Our past has been one of numerous crucifixions. It is our privilege to live in a time when are beginning to realise our need for new patterns of peaceful living, for resurrection.
The Resurrection of Jesus Christ can be seen as a pointer forward. To continue the 'land' analogy you can think of Jesus as being an pioneer who has discovered a new world for us. Unlike previous explorers, this one is God's own son and the new world is not just a new part of our old world, like the Americas were, but a different reality altogether - so it is not open to us simply to export our old ways to this new world. Nevertheless we are invited in, all of us, for we are all citizens of this new realm where we are valued for who and what we are, uniquely. We are invited home to a land in which we all have a stake.

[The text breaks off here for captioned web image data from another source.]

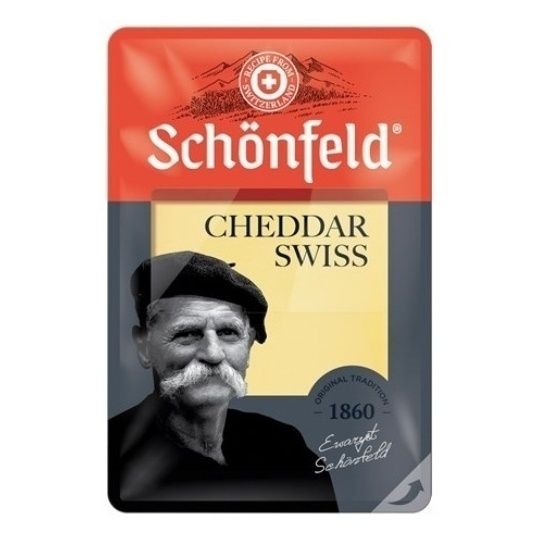 Сыр полутвердый Schonfeld Red Cheddar нарезка 50% 125 г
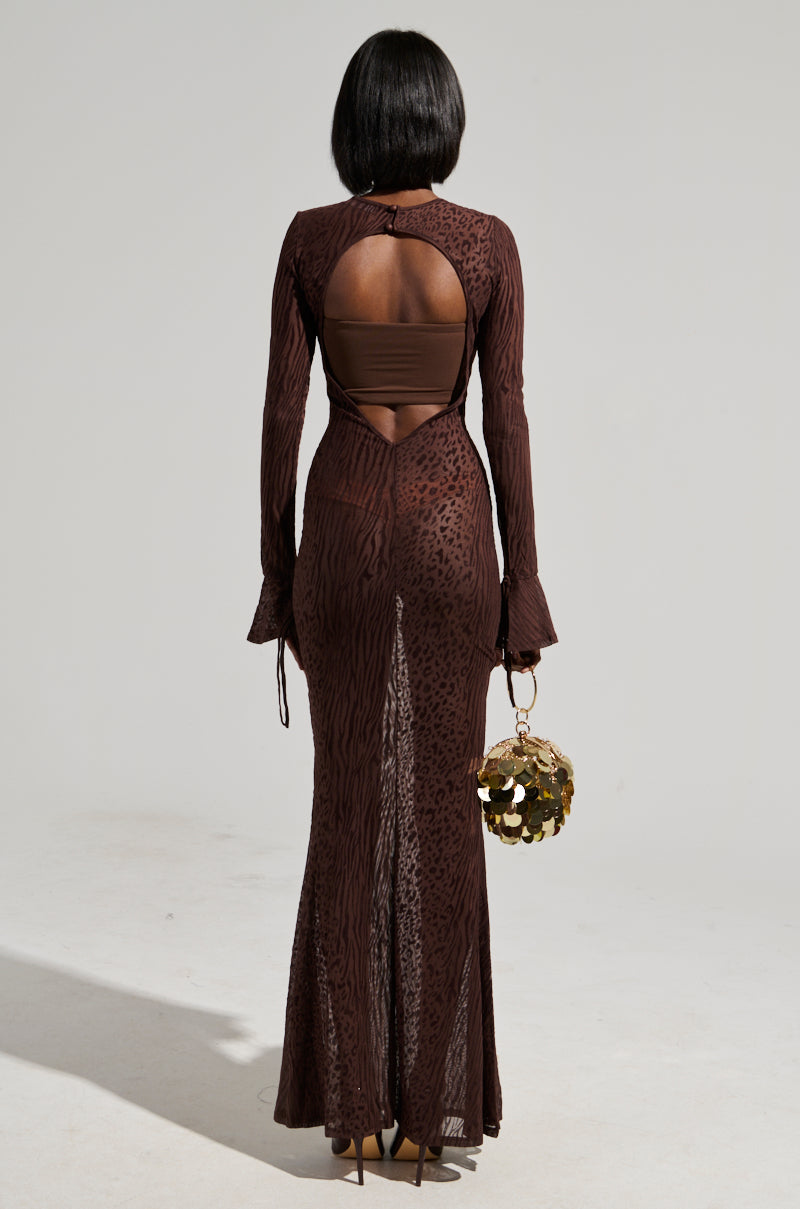 MY GOOD SIDE LEOPARD MESH MAXI DRESS IN BROWN AKIRA MY GOOD SIDE LEOPARD MESH MAXI DRESS IN BROWN AKIRA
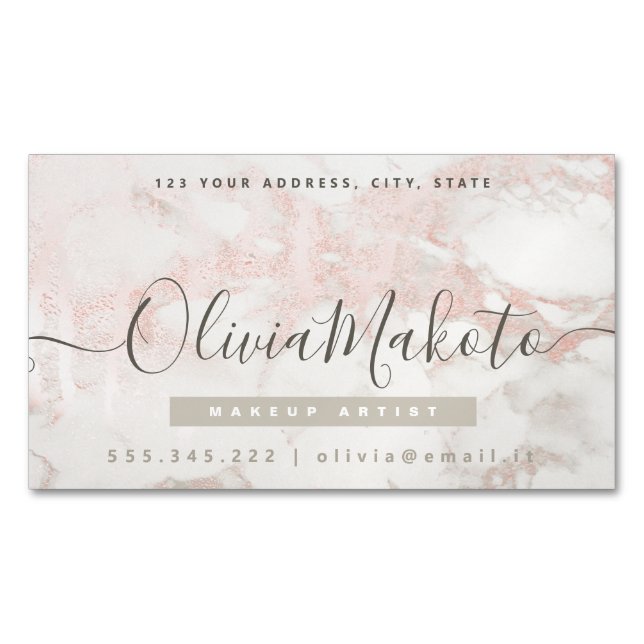 Minimalistisches Luxus-Script-Marble Rosa-Design Magnetische Visitenkarte (Vorderseite)
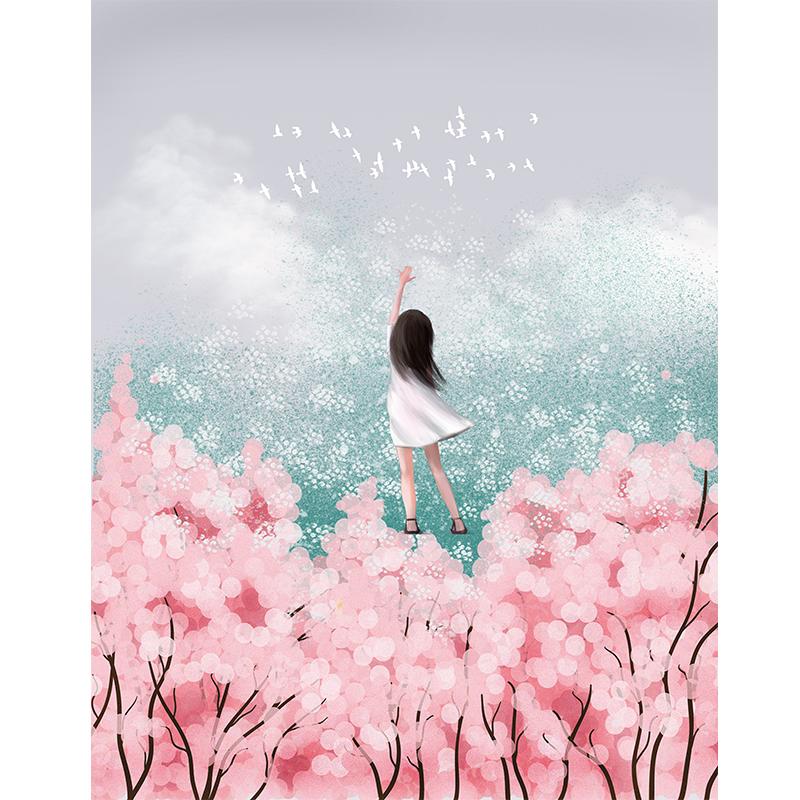 Pink Flowers And Girl  | Full Round Diamond Painting Kits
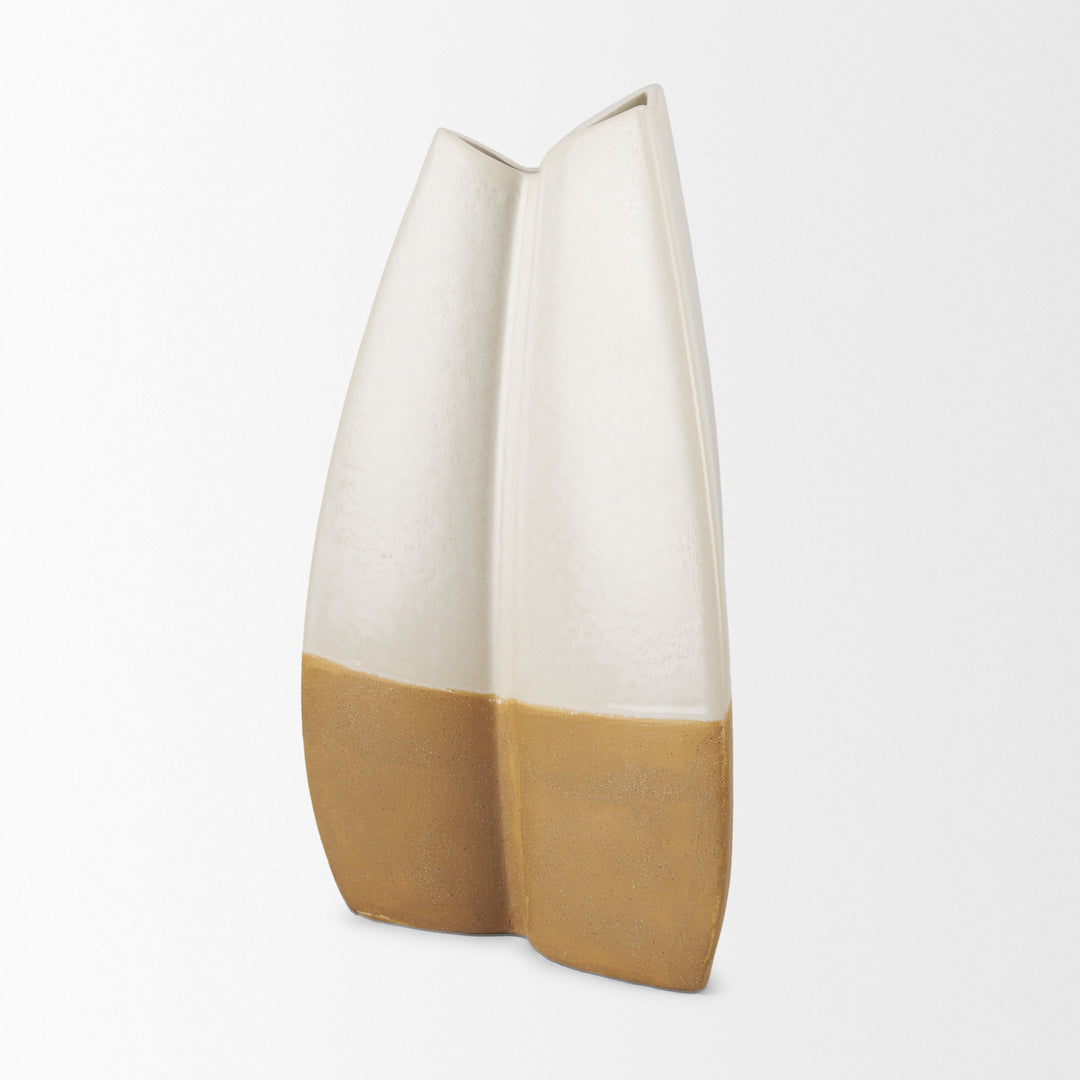 Vania Large Off White w/ Tan Textured Ceramic Vase Decor Mercana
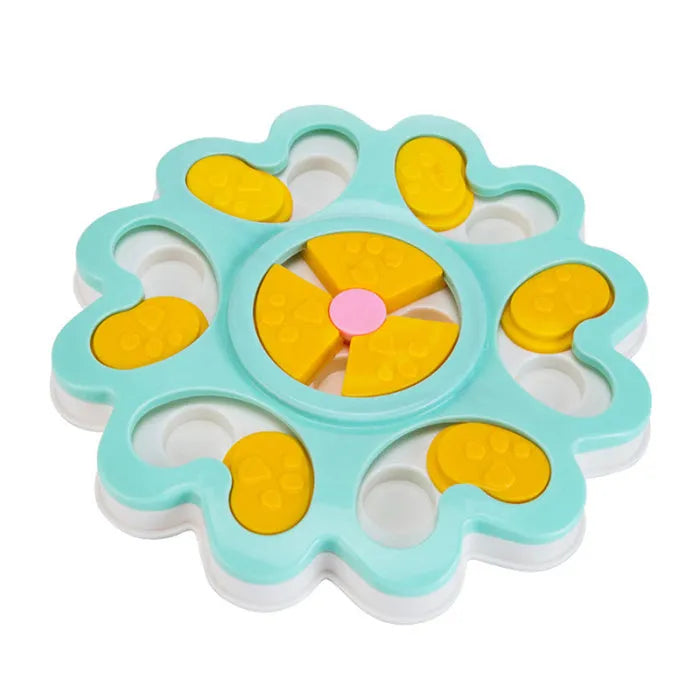 Blue dog treat-dispensing puzzle toy made of ABS plastic, 25cm size, on a light background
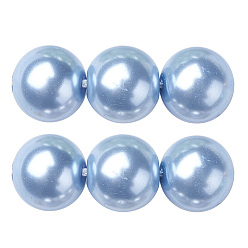 Light Sky Blue Eco-Friendly Dyed Glass Pearl Round Beads Strands, Grade A, Cotton Cord Threaded, Light Sky Blue, 4~4.5mm, Hole: 0.7~1.1mm, about 104pcs/strand, 15 inch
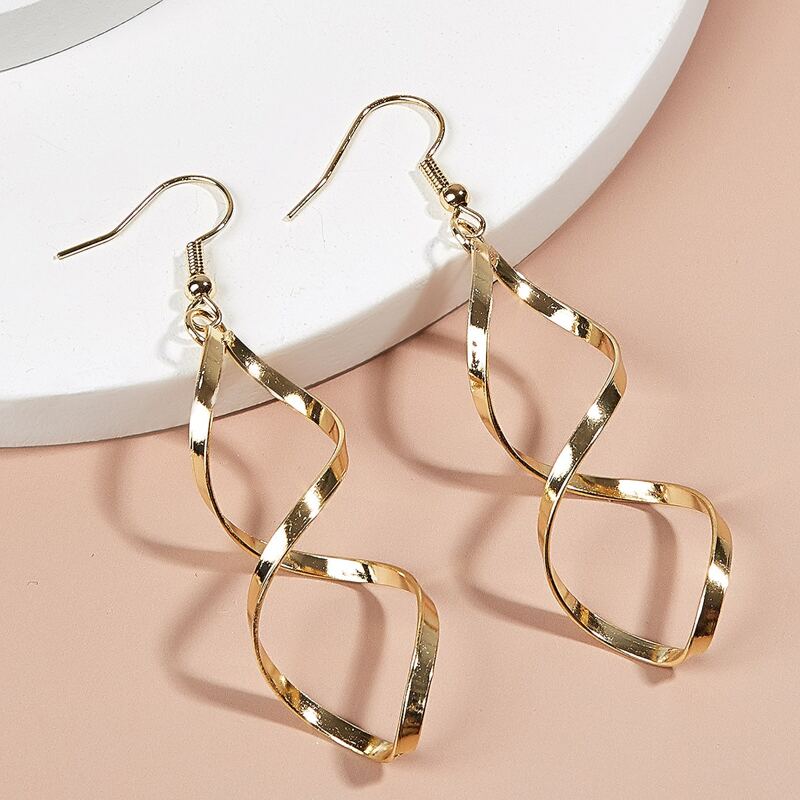 

Spiral Drop Earrings, Gold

Of course, we are still waiting for this to be fulfilled and the resurrection is a kind of downpayment: and meanwhile the world needs people who live with this rumour of resurrection in their hearts. It needs the church: which at its best can hear and speak for the voiceless, and bear their wounds; and can speak prophetically to the powerful.
For example: I once organised a conference on the theology of land and was moved to hear, from the church in N Argentina, the story of the tribal peoples there. These are peoples who had no concept of land ownership - they believe it is ridiculous to say that you can own anything you did not create. Consequently, when you try to map the different tribes or clans you don't end up with the kind of map we normally see, where the land is divided up between clans: rather you end up with a map more like a Venn diagram (remember those?) with all sorts of shapes overlapping one another. In other words, the different clans are mixed up and their relationship to the land is not one which seeks to exclude others. If only that understanding of relationship to the land could be transplanted to Bosnia or Rwanda or Israel/Palestine or Jerusalem.
And remembering that there are some being admitted to communion today, this is the kind of community they are joining. A community which is a higgledy piggledy mass of humanity, all mixed up but which Sunday by Sunday gathers around the table of love, to drink the Lord's cup and who seek to live out the risen life. We kneel or stand shoulder by shoulder with people of different background, age, experience etc. God knows the world needs signs like this to show what unity is possible a world of division. This is the rumour of resurrection it is our vocation and our joy to keep it alive.
God of terror and joy, you arise to shake the earth. Open our graves and give us back our futures; so that all that has been stolen from us may be restored and our lives return to you. Amen.